__INFORMATION SUPPLIED__.
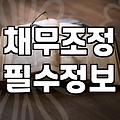 신용카드값 연체, 개인회생으로 해결 가능할까요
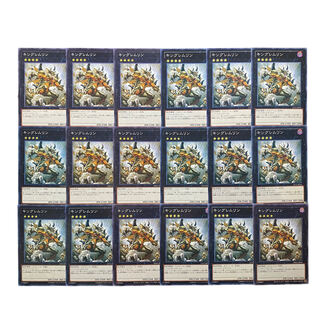 2097 [King of Games] King of the Feral Imps 18-card set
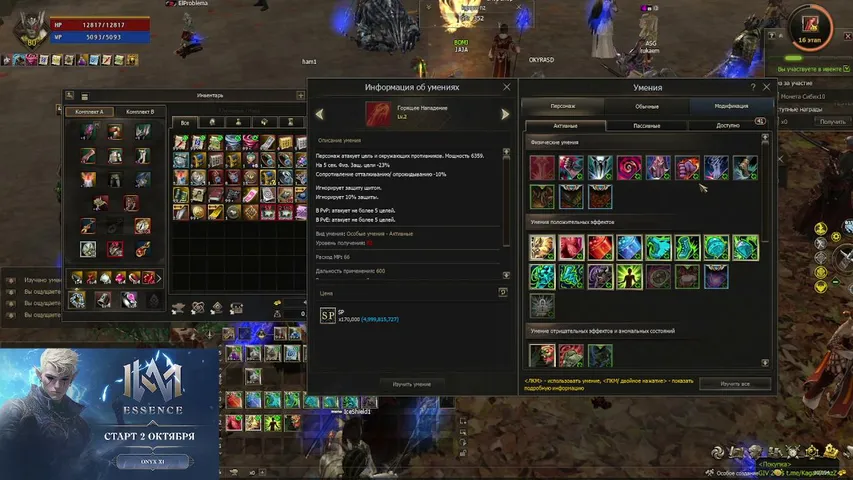 xgalileo Lineage 2 stream image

__ACTIVITY__. Reproduce verbatim every line starting at the line that holds "2097 [King of" and ending with the final line of the data; omit the pictures.

__TASK ANSWER__.
 2097 [King of Games] King of the Feral Imps 18-card set
 xgalileo Lineage 2 stream image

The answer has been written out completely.